From the Guidelines
The Psoriasis Area and Severity Index (PASI) and Dermatology Life Quality Index (DLQI) typically show a moderate positive correlation, meaning that as PASI scores increase, DLQI scores also tend to increase, indicating a greater impact on quality of life. This correlation is supported by the British Association of Dermatologists' guidelines for biologic therapy for psoriasis 2017 1, which suggests that patients with psoriasis requiring systemic therapy should be considered for biologic therapy if they have a large impact on physical, psychological, or social functioning, as measured by the DLQI, and meet certain disease severity criteria, including a PASI score of 10 or higher.
Key Points to Consider
- The relationship between PASI and DLQI is important because it demonstrates that the physical severity of psoriasis often affects patients' quality of life, though individual responses vary significantly 1.
- Some patients with relatively mild psoriasis according to PASI may experience substantial quality of life impairment if lesions are in visible or sensitive areas, while others with more extensive disease may report less impact on their daily functioning 1.
- The DLQI is a validated tool for measuring quality of life across all skin diseases, including psoriasis, and a score of > 10 has been shown to correlate with at least a very large effect on an individual's quality of life 1.
- Clinicians should consider both PASI and DLQI measures when making treatment decisions, as improvement in both physical symptoms and quality of life represents optimal therapeutic success.
Clinical Implications
- Assessing both objective disease severity (PASI) and subjective patient experience (DLQI) is crucial when evaluating psoriasis and determining treatment approaches.
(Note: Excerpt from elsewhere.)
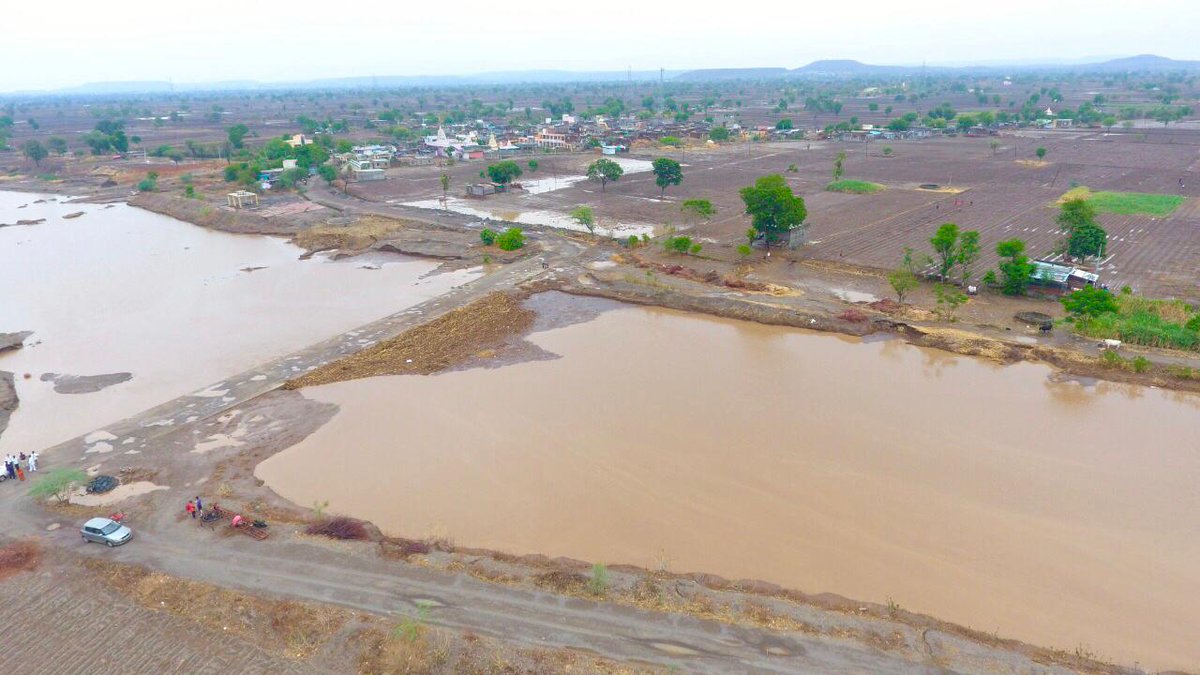 paanifoundation's tweet photo. What does a village look like after 120 mm of rainfall? A bird’s eye view of Wanegaon in Phulambri taluka (Marathwada zone). The village participated in #WaterCup2019 and the citizens' hard work is showing results! 💧 https://t.co/Nrjf08PW0q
- The decision to proceed with biologic therapy should be made in collaboration with the patient, taking into account the associated risks and benefits, and considering the impact of psoriasis on the patient's quality of life, as measured by the DLQI 1.
From the Research
Correlation Between PASI and DLQI
- The correlation between the Psoriasis Area and Severity Index (PASI) and the Dermatology Life Quality Index (DLQI) has been studied in various research papers 2, 3, 4, 5, 6.
- A systematic review and meta-analysis found that PASI 90 responders had a 12% greater improvement in DLQI score compared to PASI 75-89 responders 2.
- Another study found a significant association between the PASI and DLQI scores in patients with moderate-to-severe psoriasis, with a correlation coefficient of 0.37 (P < 0.001) 5.
- A pooled analysis of four phase 3 clinical trials found that improvements in PASI scores were directly related to improvements in DLQI domain scores, with moderate to strong correlations over the sustained exposure period (β range, 0.63-0.69; all P < 0.001) 4.
- A longitudinal study found that PASI and DLQI scores were highly correlated over all time points (ρ = 0.50), and that DLQI scores significantly decreased by 0.8 units per year from 12 months to 6.5 years (P = 0.002) 6.
Factors Affecting the Correlation
- Psoriatic foot involvement was found to be the most significant contributor to the inconsistency between PASI and DLQI scores, with an odds ratio of 2.109 (95% CI: 1.581-2.815) 5.
- Other factors that affected the correlation between PASI and DLQI scores included female sex, age, psoriatic arthritis, higher income, and family history of psoriasis 5.
- Exposed lesions, such as those on the scalp, face, neck, nails, and hands, were also positively associated with severely impaired quality of life 5.
Clinical Implications
- The correlation between PASI and DLQI scores suggests that improvements in clinical efficacy are associated with improved quality of life in patients with moderate-to-severe psoriasis 2, 4.
- The findings of these studies highlight the importance of considering both clinical and quality of life outcomes when treating patients with psoriasis 2, 4, 6.